(Beginning of MATERIAL TO PROCESS)

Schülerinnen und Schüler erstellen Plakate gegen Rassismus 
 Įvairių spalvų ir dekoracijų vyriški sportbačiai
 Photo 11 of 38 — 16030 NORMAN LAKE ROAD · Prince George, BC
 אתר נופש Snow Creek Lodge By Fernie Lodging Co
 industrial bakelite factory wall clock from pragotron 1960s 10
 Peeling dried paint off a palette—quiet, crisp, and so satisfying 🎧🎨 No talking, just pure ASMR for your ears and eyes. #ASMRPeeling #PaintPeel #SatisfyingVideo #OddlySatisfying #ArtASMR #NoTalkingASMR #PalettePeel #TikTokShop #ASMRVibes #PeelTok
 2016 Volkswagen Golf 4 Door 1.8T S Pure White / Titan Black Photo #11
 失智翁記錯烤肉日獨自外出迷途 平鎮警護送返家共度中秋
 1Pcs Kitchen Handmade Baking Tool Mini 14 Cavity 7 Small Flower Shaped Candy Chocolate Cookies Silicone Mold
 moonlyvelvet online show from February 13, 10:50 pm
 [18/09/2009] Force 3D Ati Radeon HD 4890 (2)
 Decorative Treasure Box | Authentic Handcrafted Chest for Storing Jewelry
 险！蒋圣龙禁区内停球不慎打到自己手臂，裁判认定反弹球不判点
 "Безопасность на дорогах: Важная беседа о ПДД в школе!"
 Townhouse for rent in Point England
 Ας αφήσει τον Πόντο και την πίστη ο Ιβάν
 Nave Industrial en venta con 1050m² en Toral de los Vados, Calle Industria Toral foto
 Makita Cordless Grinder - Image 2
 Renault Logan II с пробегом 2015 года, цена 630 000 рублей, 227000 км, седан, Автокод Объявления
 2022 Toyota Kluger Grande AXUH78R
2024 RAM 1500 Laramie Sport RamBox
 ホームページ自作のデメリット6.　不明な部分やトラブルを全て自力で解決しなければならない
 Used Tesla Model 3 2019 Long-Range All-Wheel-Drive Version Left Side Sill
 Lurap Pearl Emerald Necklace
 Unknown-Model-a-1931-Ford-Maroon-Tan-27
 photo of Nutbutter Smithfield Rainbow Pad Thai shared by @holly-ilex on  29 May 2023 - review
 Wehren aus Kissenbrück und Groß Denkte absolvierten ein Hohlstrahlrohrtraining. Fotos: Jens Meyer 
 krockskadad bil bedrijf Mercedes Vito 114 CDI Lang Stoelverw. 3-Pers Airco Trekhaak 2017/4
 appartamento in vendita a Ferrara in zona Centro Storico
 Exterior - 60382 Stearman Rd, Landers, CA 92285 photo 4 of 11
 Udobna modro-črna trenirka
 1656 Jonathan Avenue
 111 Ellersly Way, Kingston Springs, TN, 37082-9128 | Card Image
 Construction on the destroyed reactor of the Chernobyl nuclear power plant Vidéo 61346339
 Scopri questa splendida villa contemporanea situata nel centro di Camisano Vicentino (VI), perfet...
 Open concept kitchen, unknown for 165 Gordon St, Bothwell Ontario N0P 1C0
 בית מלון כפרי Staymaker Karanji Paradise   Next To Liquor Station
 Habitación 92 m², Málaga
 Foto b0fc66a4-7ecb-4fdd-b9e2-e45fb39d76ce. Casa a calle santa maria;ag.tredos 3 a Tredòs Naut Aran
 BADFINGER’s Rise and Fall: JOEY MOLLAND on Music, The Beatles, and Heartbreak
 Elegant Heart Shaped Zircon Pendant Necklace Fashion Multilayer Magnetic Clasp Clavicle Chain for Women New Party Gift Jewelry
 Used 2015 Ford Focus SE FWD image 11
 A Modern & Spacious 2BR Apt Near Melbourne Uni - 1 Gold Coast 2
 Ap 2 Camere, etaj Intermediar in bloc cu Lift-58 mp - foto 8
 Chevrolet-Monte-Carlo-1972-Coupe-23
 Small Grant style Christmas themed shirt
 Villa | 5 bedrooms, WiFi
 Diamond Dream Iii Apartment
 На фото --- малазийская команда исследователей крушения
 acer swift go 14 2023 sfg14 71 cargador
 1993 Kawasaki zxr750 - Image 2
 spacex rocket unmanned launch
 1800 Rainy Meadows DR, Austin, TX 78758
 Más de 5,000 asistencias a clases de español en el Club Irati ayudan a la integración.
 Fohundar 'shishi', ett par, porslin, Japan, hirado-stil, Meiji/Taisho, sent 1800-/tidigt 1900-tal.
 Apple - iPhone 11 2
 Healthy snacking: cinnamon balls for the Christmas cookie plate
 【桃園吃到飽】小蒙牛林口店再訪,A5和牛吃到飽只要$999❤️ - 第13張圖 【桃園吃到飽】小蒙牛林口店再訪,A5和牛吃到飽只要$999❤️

(End of MATERIAL TO PROCESS)

• ACTIVITY
Across all the entries, count the lines that contain the word "Shaped" and give the number by itself.

• SOLUTION FOR THIS PROBLEM
2